Building a dream New Zealand lifestyle
"I miss what a bigger market offers in terms of choice and value, as I find NZ limited and the quality sometimes really poor," says Julie.
But, "I came to get away from a life driven by material things," she adds.
So since stepping ashore they have built a new existence and flexible lifestyle around a rural home, close to Wellington, near the Rimutaka hills. And Martin, an electrical engineer, has continued his career as a programme manager in the city.
He can get to town in 40 minutes, "So it's a doddle by UK standards - although Kiwis think we live as far as the moon from town," explains Julie.
It was Martin's work that enabled the couple to stay in the country and they now have permanent residency through the "Work to Residency Scheme."
"We could have done the points thing but that was just too painful a wait to contemplate," explains Julie, who writes about her NZ story online at http://www.domestic-executive.com
Julie's original dream was to grow olives in Spain, she says, but an English speaking country made more sense for the couple to get work.
"We may well have had the olive grove in Martinborough had the mountain not been in the way. We didn't want to end up with a long commute, which we left behind in the UK."
Such choices are behind many new arrival's thinking. Though NZ is roughly the same size as Britain, even short distances can take hours to negotiate via single-track, winding roads without the benefit of a motorway network.
New residents must be careful to avoid over-bearing isolation, and while retail opportunities may not be the same in NZ as back in the UK, lifestyle is open to creative expression in a far more fundamental manner.

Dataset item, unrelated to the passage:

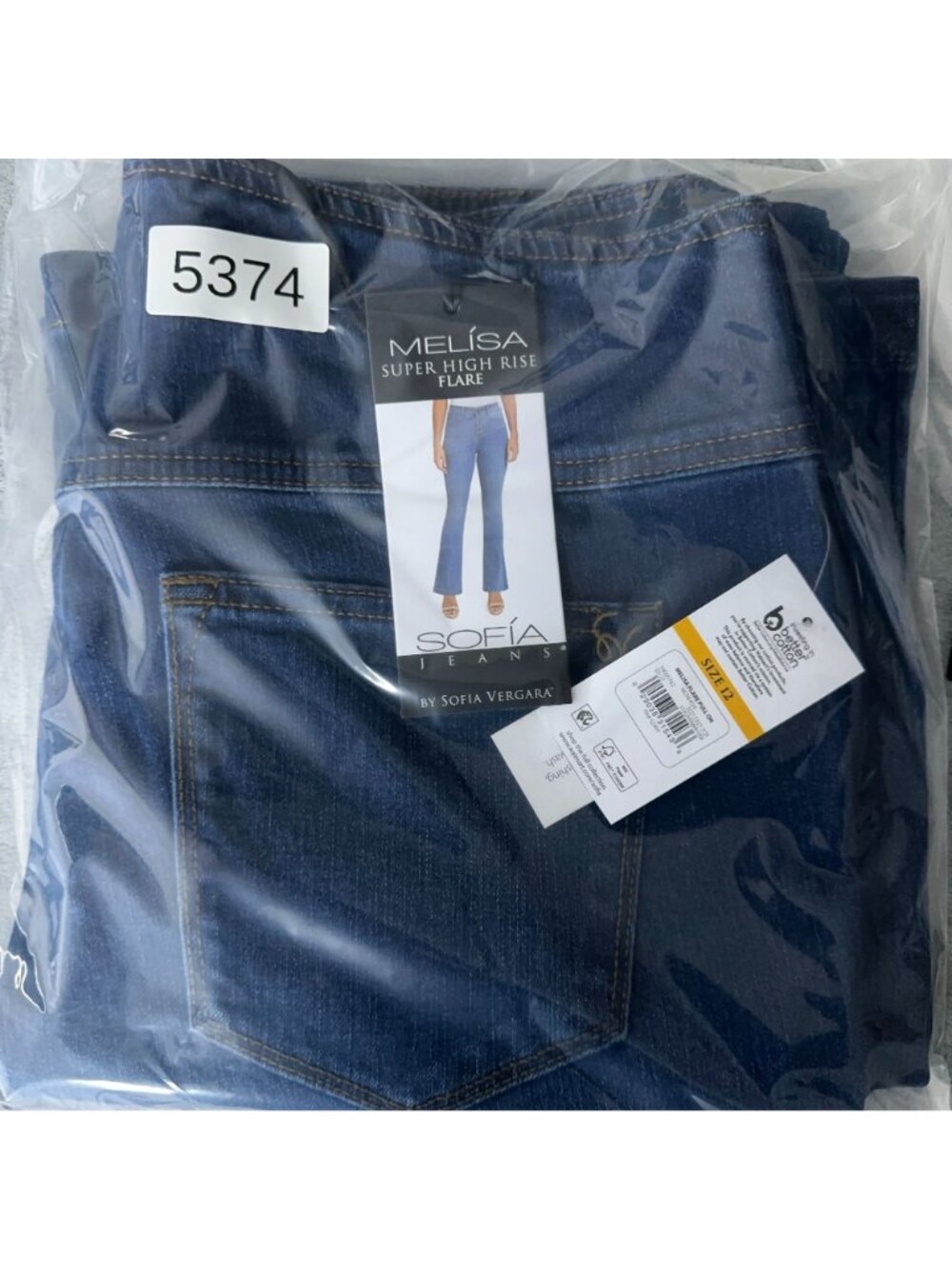 Sofia Jeans By Sofia Vergara Melissa Super High Rise Flare Jeans Size 12 Pull On - Picture 12 of 12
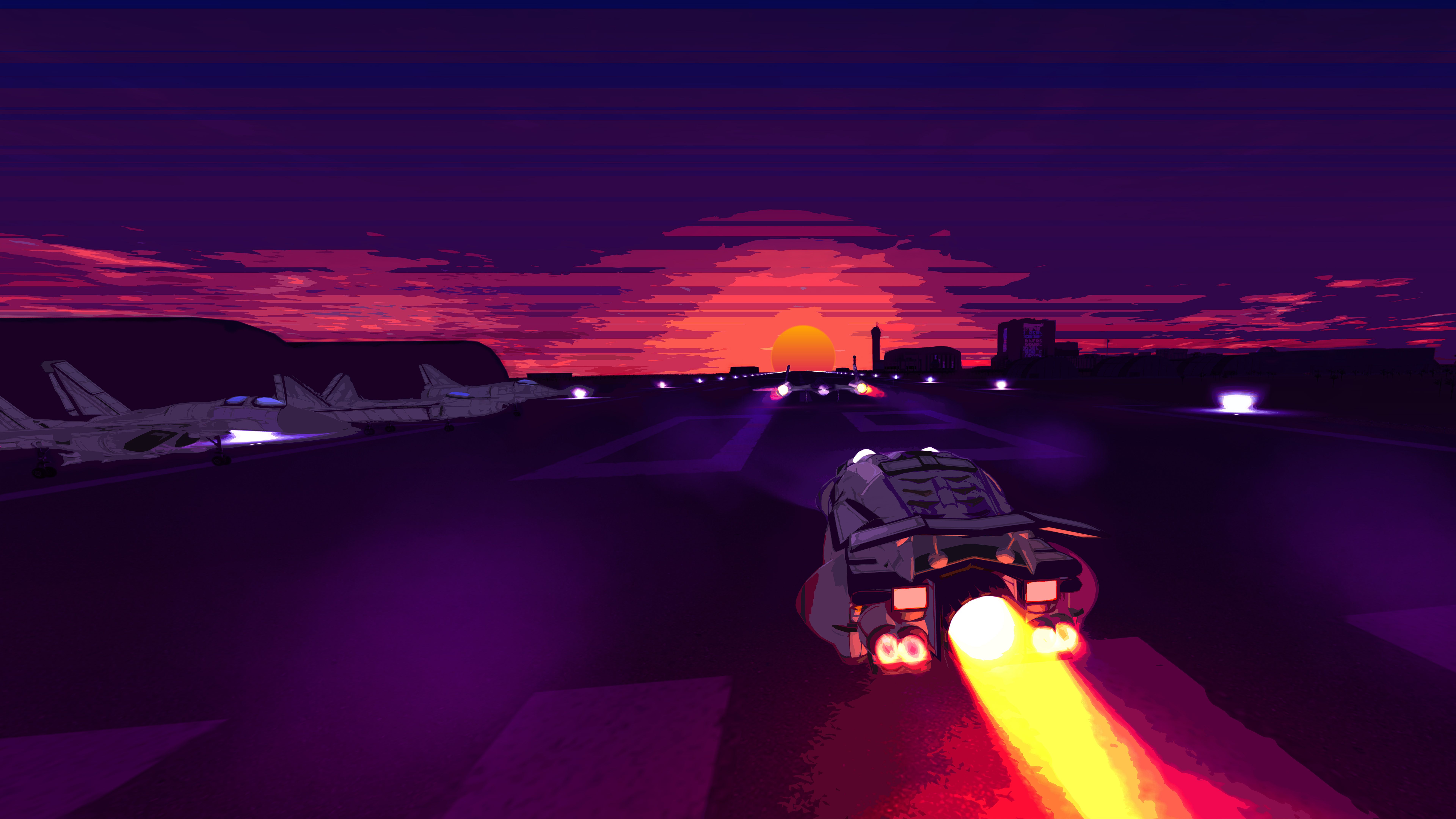 Planes Outrun Sunrising Minimalism, HD .hdqwalls.com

The Treanors took full advantage to build their own home from scratch and now complete, its been entered in the Master Builders' House of the year show by their builders.
"Our place backs onto the Rimutaka Rail Trail and we overlook Tunnel Gully. Pure bliss," says Julie.
Now she can work from home, grow vegetables and flowers, tend her chickens and two basset hounds – named Fortnum and Mason in a seeming nod to former times. But there is much to do, "The life changing project still has many more years to run," she adds.
We had a very clear goal coming here, explains Julie, "My plan was to jack in the corporate life and become a domestic executive. We were committed from the off and everything has been about making life here work."
Yet there are things she misses about the UK. For one, she jokes that if Sky were to stop broadcasting English football and the internet collapsed, it might make it difficult to stay.
And she admits she'd like to get back behind the wheel of her Audi cabriolet.
But as it is, "I still read the English newspapers, bitch about the weather and eat about the same type of food - although more of it comes from my backyard," she says.
Overall, she wouldn't be anywhere else. Sure, she says there are things she'd change about NZ if she were given the chance – like far sighted political leadership, and compulsory driving lessons – but the flexible lifestyle she and her husband have striven to create is something they could never again be without.